Image-caption web data:
● ● ●
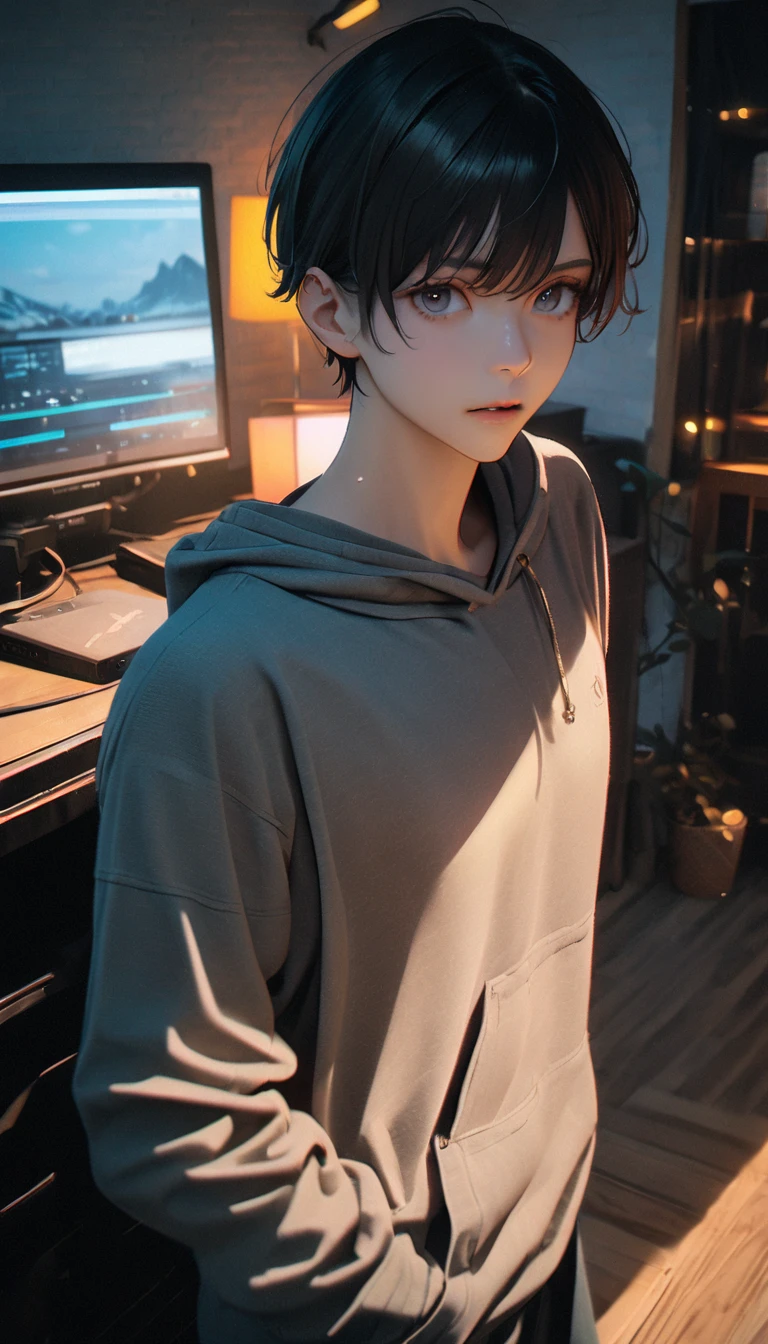 (8K, RAW photos, best quality, masterpiece: 1.4), (((Arm countdown：5：58：12)))，Ultra-high resolution, Extremely detailed, light, closeup of arms, Handsome man, black eyes, (delicate eyes, Eyes are bright:1.2), Gray short hair, Fair skin,dark, Grey sweatshirt, sweatshirt with hood,(perfect anatomy:1.2), High-quality shadows, Natural Lighting, (white highlights:1.2), night, cloudy day, (at home:1.2), (Room:1.2)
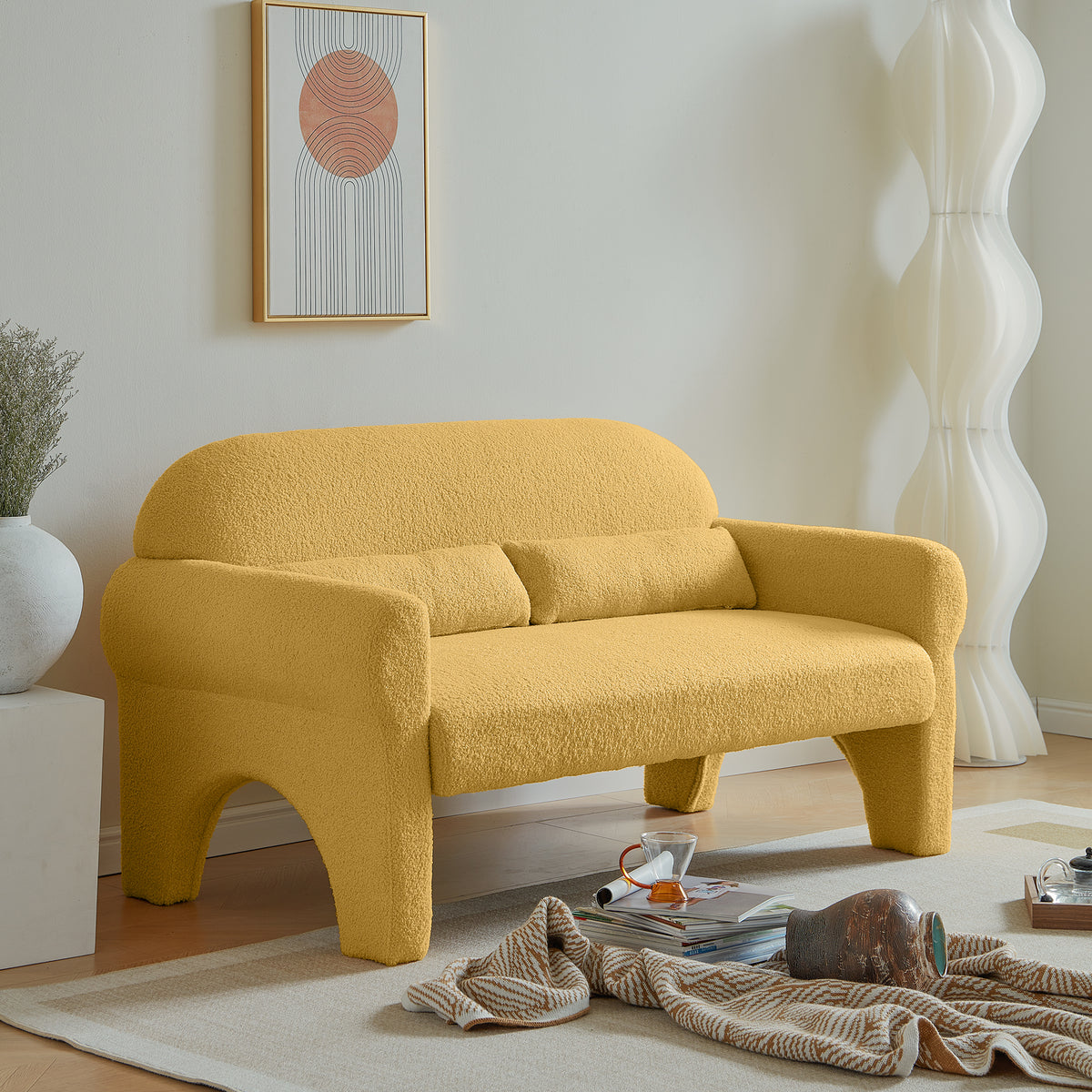 Modern Boucle Seat For Living Room Yellow Foam 2 Seat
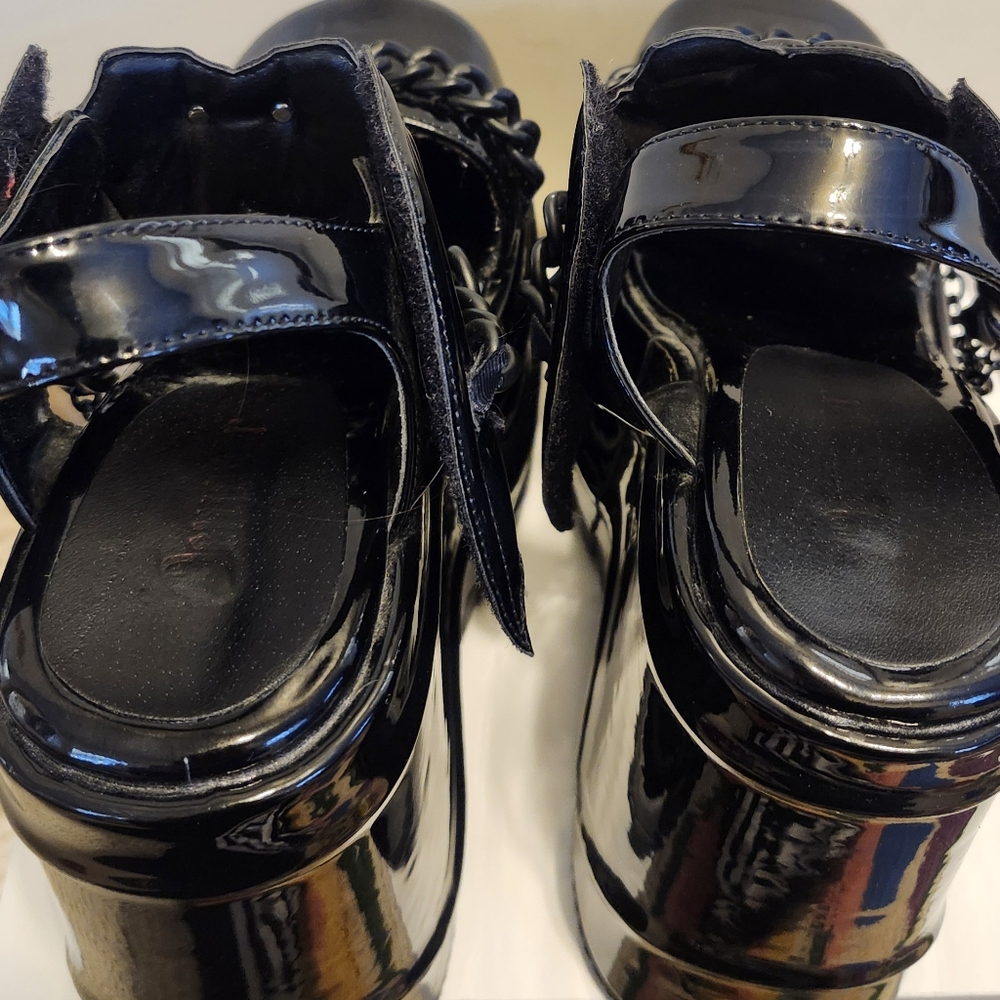 Demonia Cult "Wave-20 Bat Chain" Black Patent 6" Gothic Platform Shoes Size 9 - Picture 9 of 11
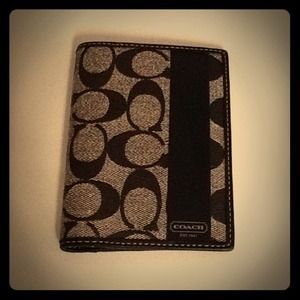 Coach Signature Black Passport Case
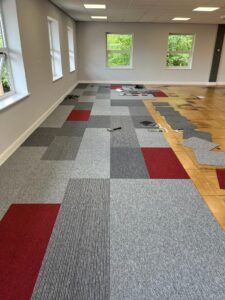 Flooring being laid. Lindner Prater refurbishment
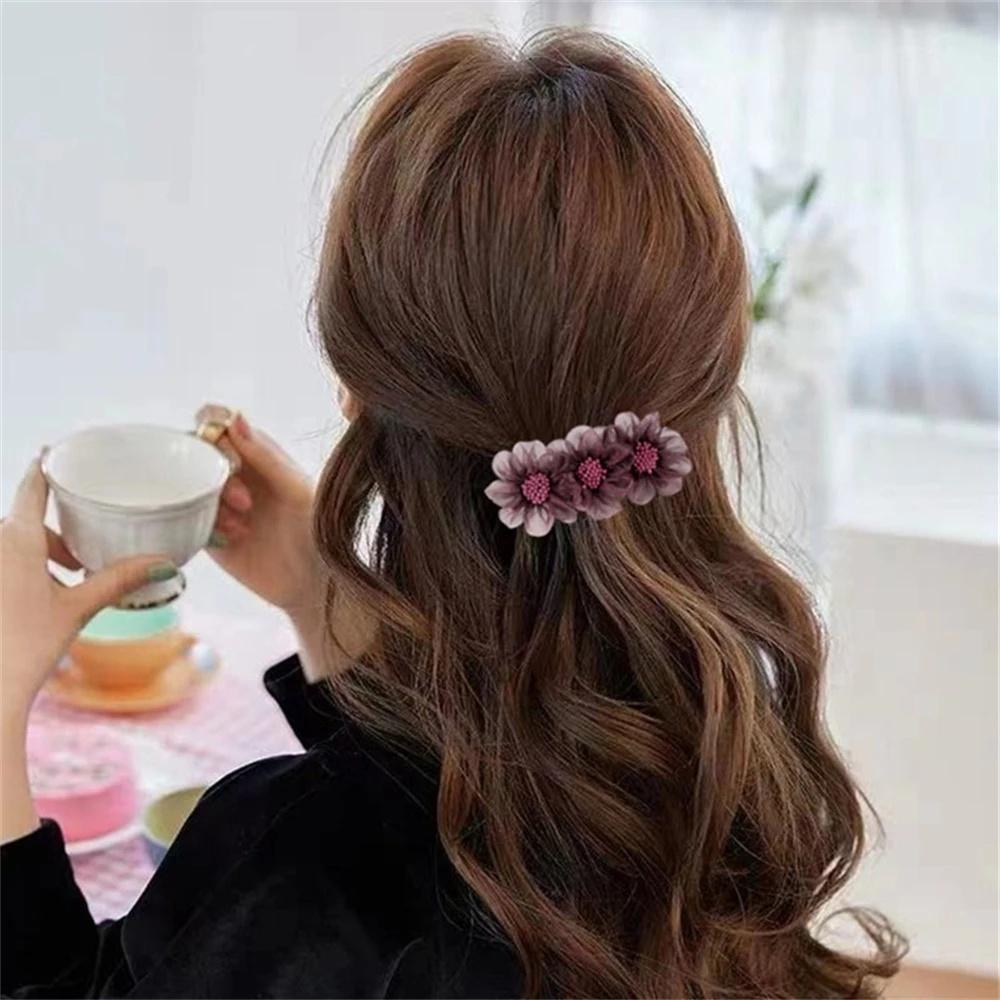 Women Flower Camellia Hairpins Barrettes Spring Hair Clip Bands Wedding Girls Ponytail Hair Accessories Hairstyling Hairgrip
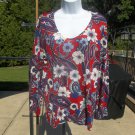 NWT TALBOTS RED FLORAL SWEATER X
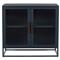 Noor Coastal Beach Clear Glass Door Blue Metal Sideboard|Kathy Kuo Home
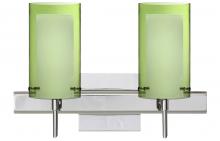 Besa Lighting 2SW-L44007-CR-SQ - Besa Pahu 4 Wall With SQ Canopy 2SW Transparent Olive/Opal Chrome 2x40W G9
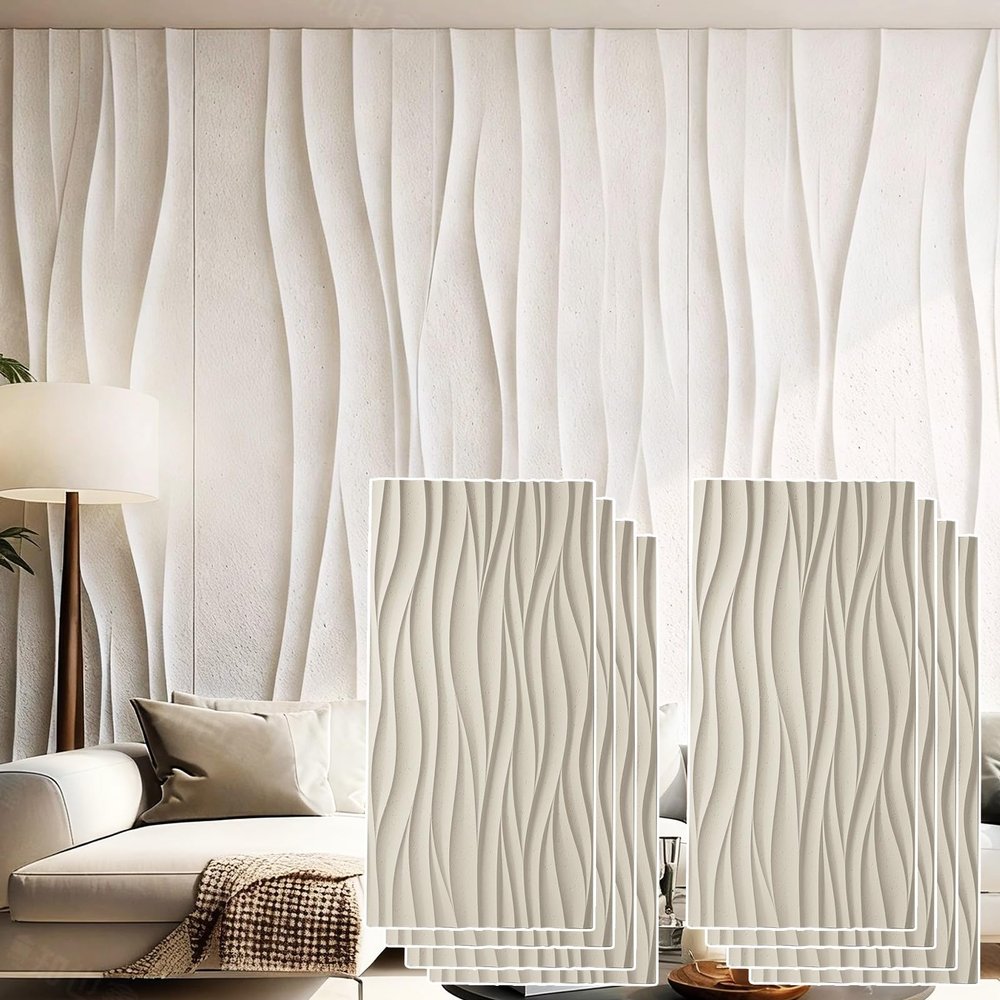Wavy 3D PU Wall Panels with Faux Stone Look, Beige, 8-Pack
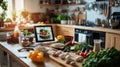 Cooking tutorial with fresh ingredients in a cozy home kitchen setup featuring a digital tablet and warm atmosphere Royalty Free Stock Photo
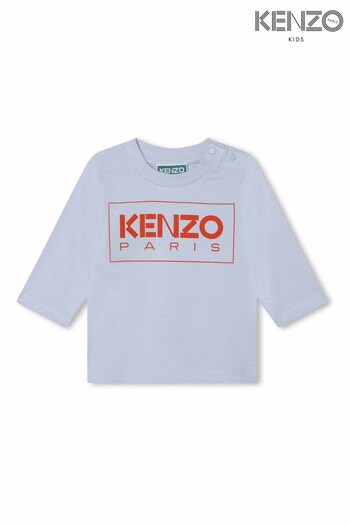 KENZO KIDS Baby Blue Logo Long Sleeve T-Shirt (C03881) | £56 - £61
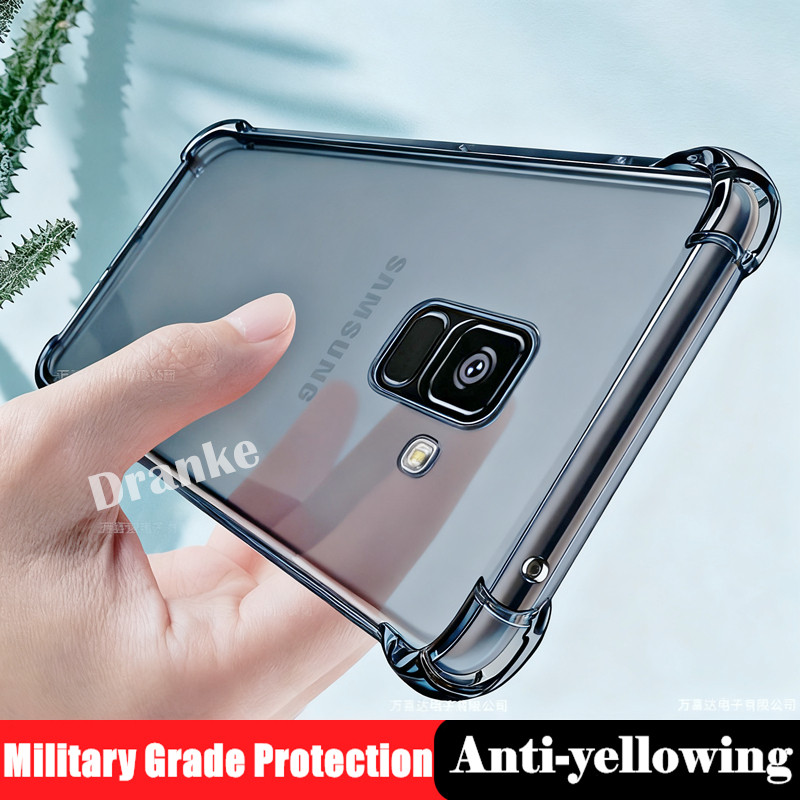 เคสโทรศัพท์สําหรับ Samsung Galaxy A8 Plus A8 + 2018 6.0 นิ้ว SM-A730F A730FDS ยืดหยุ่นซิลิโคนเหลวใสกึ่งโปร่งใส Anti-Yellowing ฝาครอบ 4 มุมป้องกันกรณีเยลลี่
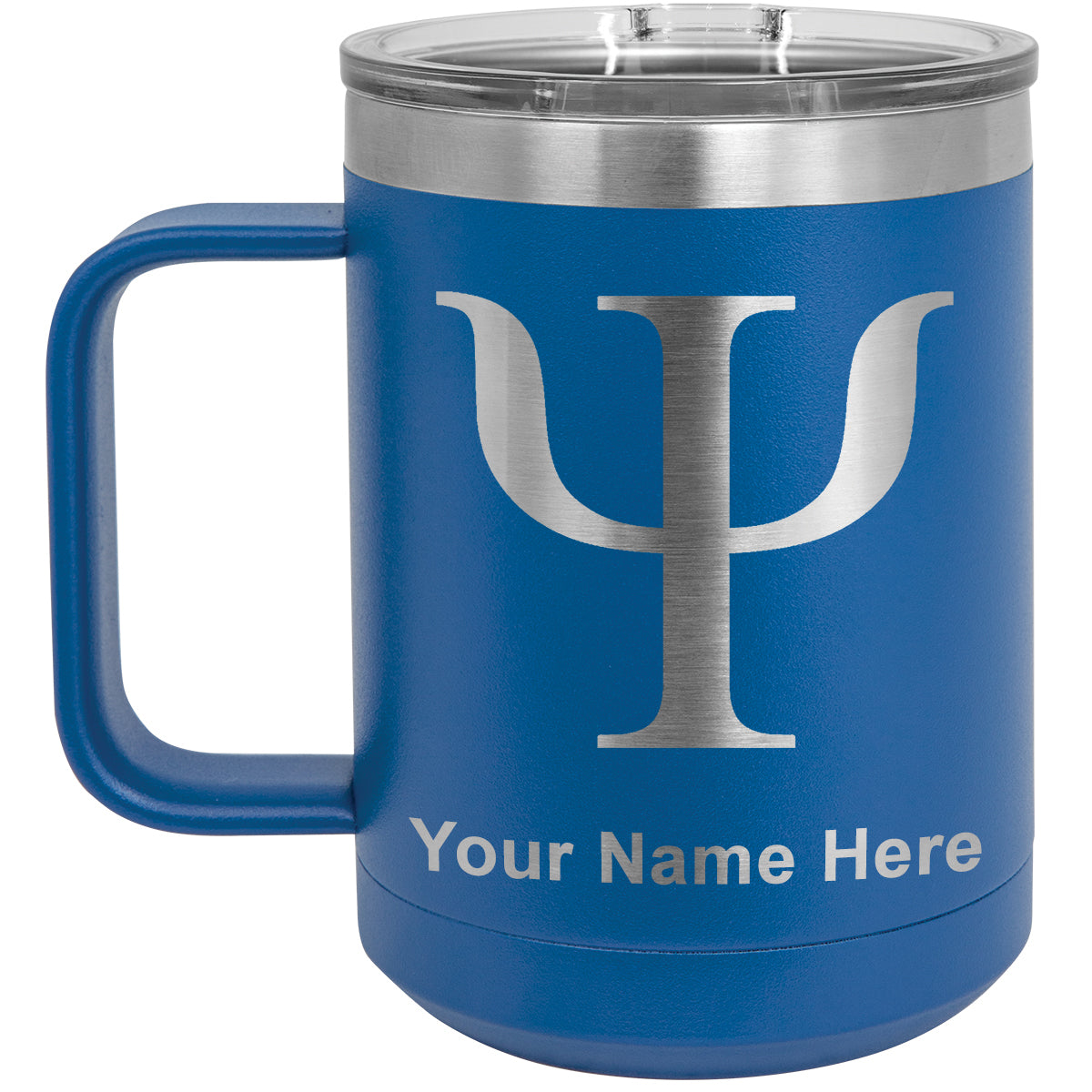 15oz Vacuum Insulated Coffee Mug, Psi Symbol, Personalized Engraving Included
● ● ●
Copy the records exactly, minus any pictures.

■ Task output ■
 (8K, RAW photos, best quality, masterpiece: 1.4), (((Arm countdown：5：58：12)))，Ultra-high resolution, Extremely detailed, light, closeup of arms, Handsome man, black eyes, (delicate eyes, Eyes are bright:1.2), Gray short hair, Fair skin,dark, Grey sweatshirt, sweatshirt with hood,(perfect anatomy:1.2), High-quality shadows, Natural Lighting, (white highlights:1.2), night, cloudy day, (at home:1.2), (Room:1.2)
 Modern Boucle Seat For Living Room Yellow Foam 2 Seat
 Demonia Cult "Wave-20 Bat Chain" Black Patent 6" Gothic Platform Shoes Size 9 - Picture 9 of 11
 Coach Signature Black Passport Case
 Flooring being laid. Lindner Prater refurbishment
 Women Flower Camellia Hairpins Barrettes Spring Hair Clip Bands Wedding Girls Ponytail Hair Accessories Hairstyling Hairgrip
 NWT TALBOTS RED FLORAL SWEATER X
 Noor Coastal Beach Clear Glass Door Blue Metal Sideboard|Kathy Kuo Home
 Besa Lighting 2SW-L44007-CR-SQ - Besa Pahu 4 Wall With SQ Canopy 2SW Transparent Olive/Opal Chrome 2x40W G9
Wavy 3D PU Wall Panels with Faux Stone Look, Beige, 8-Pack
 Cooking tutorial with fresh ingredients in a cozy home kitchen setup featuring a digital tablet and warm atmosphere Royalty Free Stock Photo
 KENZO KIDS Baby Blue Logo Long Sleeve T-Shirt (C03881) | £56 - £61
 เคสโทรศัพท์สําหรับ Samsung Galaxy A8 Plus A8 + 2018 6.0 นิ้ว SM-A730F A730FDS ยืดหยุ่นซิลิโคนเหลวใสกึ่งโปร่งใส Anti-Yellowing ฝาครอบ 4 มุมป้องกันกรณีเยลลี่
 15oz Vacuum Insulated Coffee Mug, Psi Symbol, Personalized Engraving Included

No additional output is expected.